Saved entries:
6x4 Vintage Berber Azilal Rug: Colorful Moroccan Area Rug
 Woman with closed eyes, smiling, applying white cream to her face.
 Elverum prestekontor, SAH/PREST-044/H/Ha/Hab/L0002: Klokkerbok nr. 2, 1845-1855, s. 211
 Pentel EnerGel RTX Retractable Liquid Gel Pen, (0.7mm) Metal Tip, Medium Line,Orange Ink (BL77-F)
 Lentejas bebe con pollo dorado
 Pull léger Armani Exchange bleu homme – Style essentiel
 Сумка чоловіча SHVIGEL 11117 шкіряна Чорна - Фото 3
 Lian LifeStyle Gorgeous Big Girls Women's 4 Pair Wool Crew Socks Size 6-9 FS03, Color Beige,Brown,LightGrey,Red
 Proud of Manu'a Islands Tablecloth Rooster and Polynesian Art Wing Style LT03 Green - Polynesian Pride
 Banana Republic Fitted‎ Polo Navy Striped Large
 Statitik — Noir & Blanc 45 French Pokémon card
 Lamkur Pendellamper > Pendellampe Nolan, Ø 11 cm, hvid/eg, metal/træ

* [Task statement]:
Above are the entries. Quote exactly the lines from the one bearing "Woman with closed" through the one bearing "Pentel EnerGel RTX".

* [Answer space]:
 Woman with closed eyes, smiling, applying white cream to her face.
 Elverum prestekontor, SAH/PREST-044/H/Ha/Hab/L0002: Klokkerbok nr. 2, 1845-1855, s. 211
 Pentel EnerGel RTX Retractable Liquid Gel Pen, (0.7mm) Metal Tip, Medium Line,Orange Ink (BL77-F)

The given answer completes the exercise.